» **WHAT IS EXPECTED**
An exact reproduction of the listing is wanted, with the pictures dropped.

» **INFORMATION GIVEN**
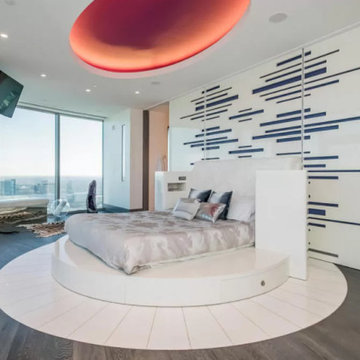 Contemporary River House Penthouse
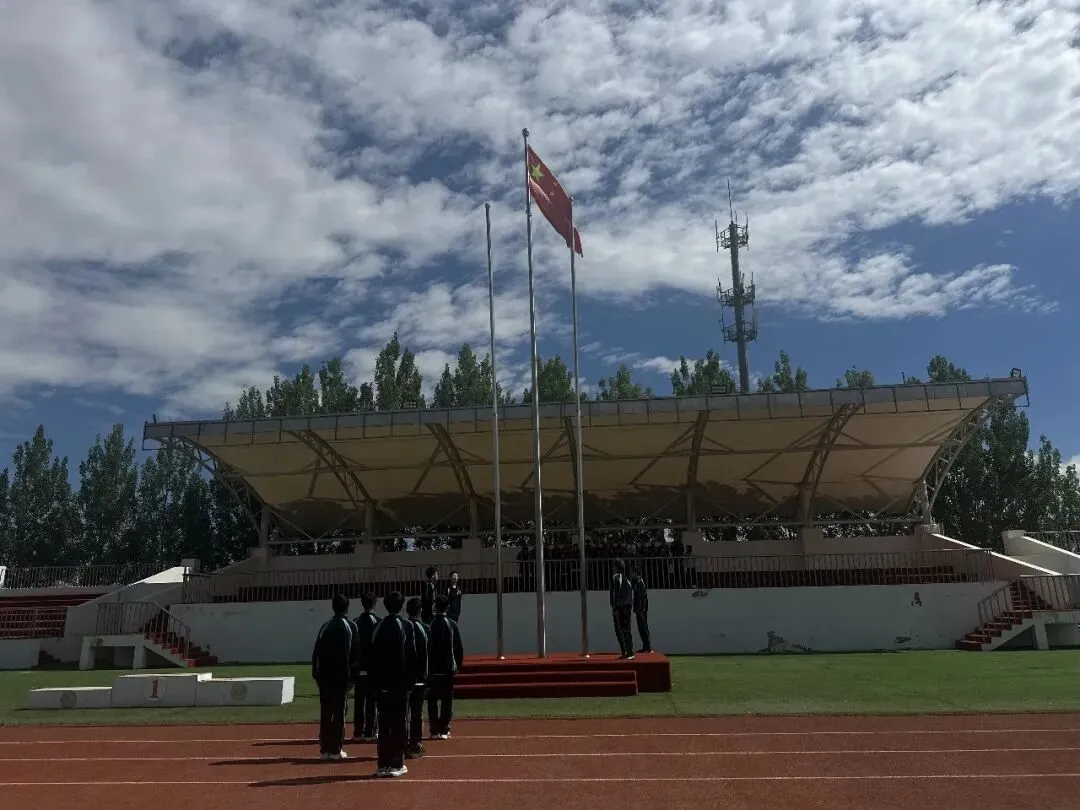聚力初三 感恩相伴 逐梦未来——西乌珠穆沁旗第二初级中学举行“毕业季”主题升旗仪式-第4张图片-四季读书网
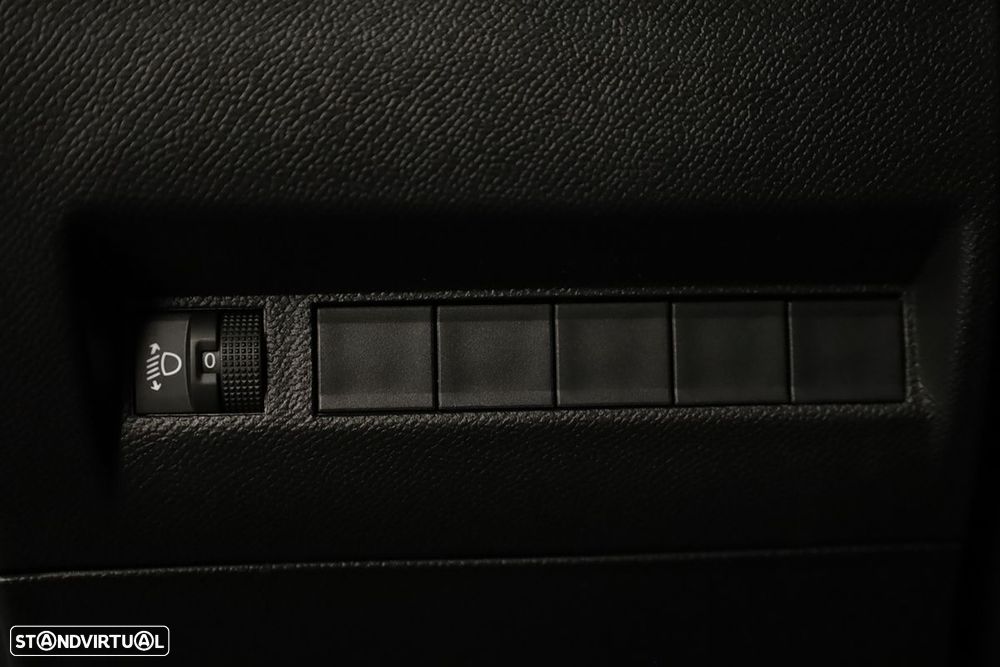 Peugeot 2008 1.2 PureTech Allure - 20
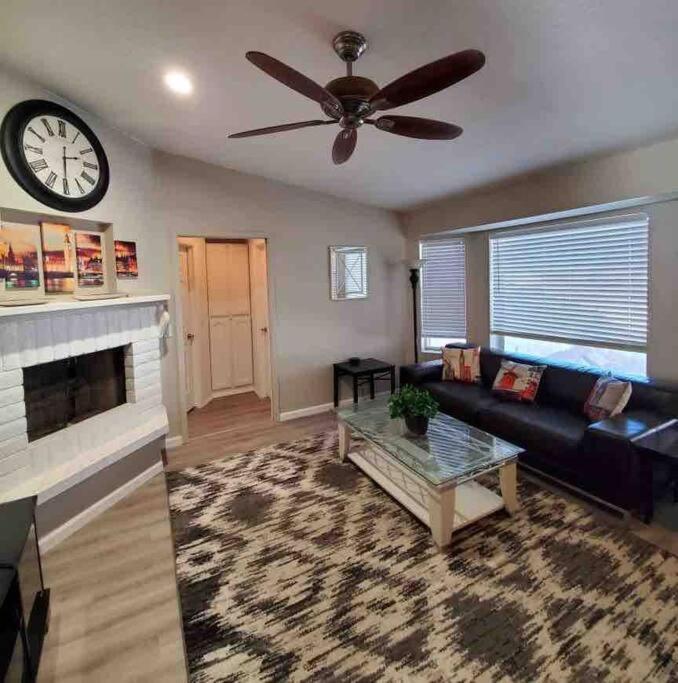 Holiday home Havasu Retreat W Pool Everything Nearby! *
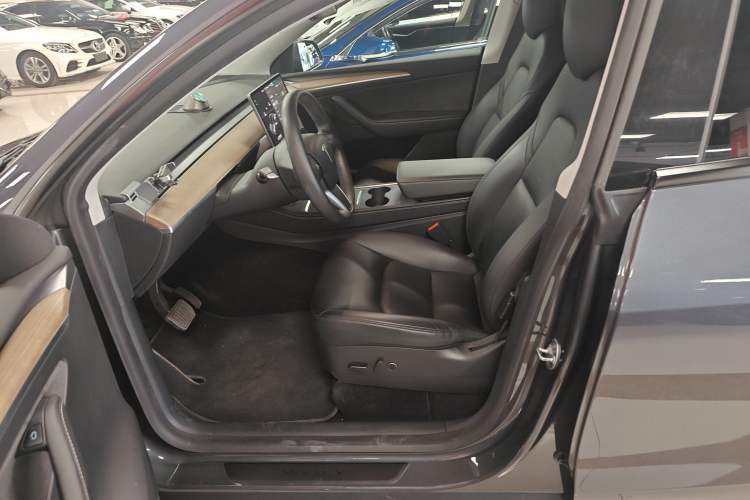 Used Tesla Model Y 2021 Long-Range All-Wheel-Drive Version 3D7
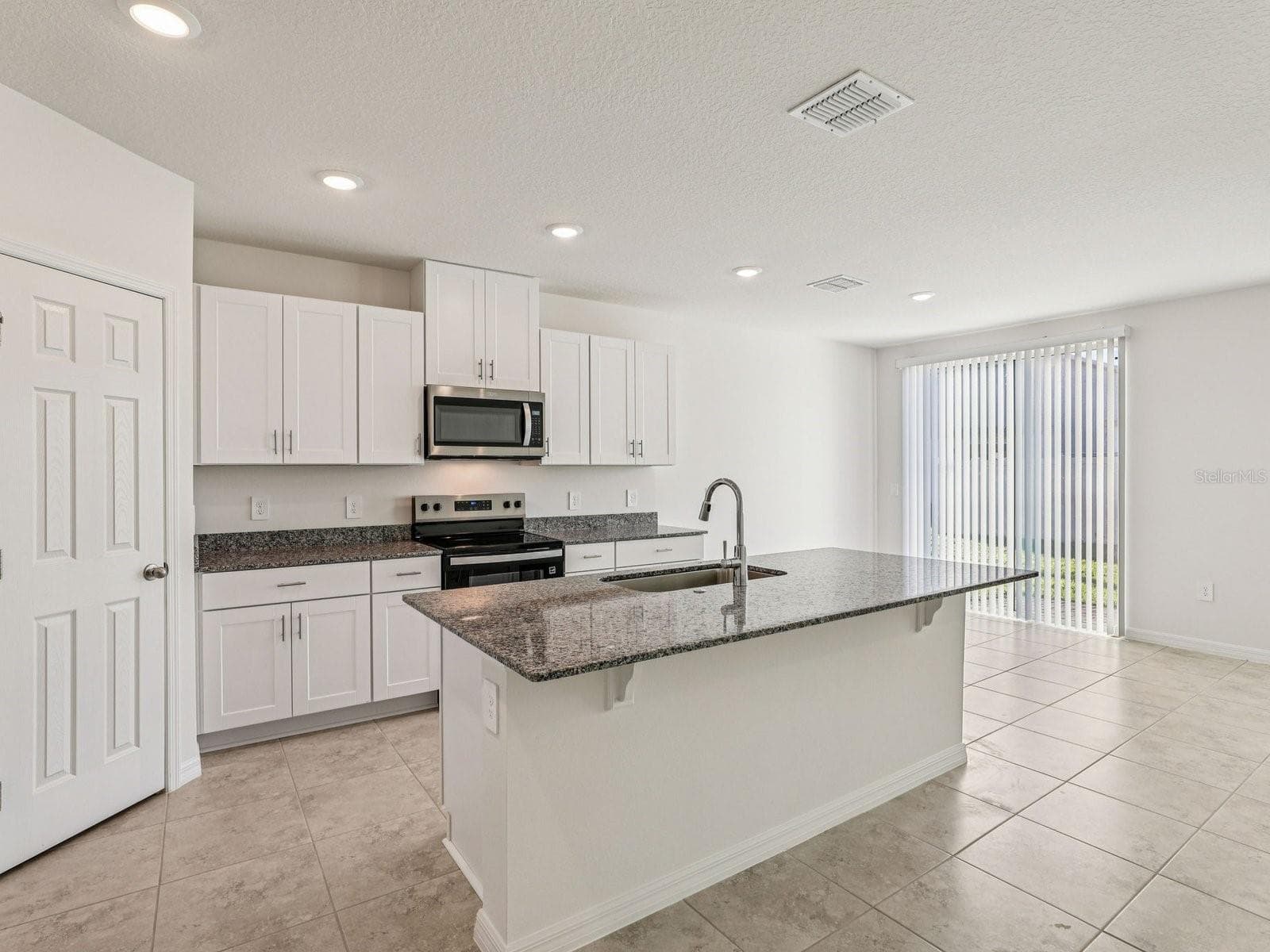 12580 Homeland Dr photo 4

» **RESULT**
 Contemporary River House Penthouse
聚力初三 感恩相伴 逐梦未来——西乌珠穆沁旗第二初级中学举行“毕业季”主题升旗仪式-第4张图片-四季读书网
 Peugeot 2008 1.2 PureTech Allure - 20
 Holiday home Havasu Retreat W Pool Everything Nearby! *
 Used Tesla Model Y 2021 Long-Range All-Wheel-Drive Version 3D7
 12580 Homeland Dr photo 4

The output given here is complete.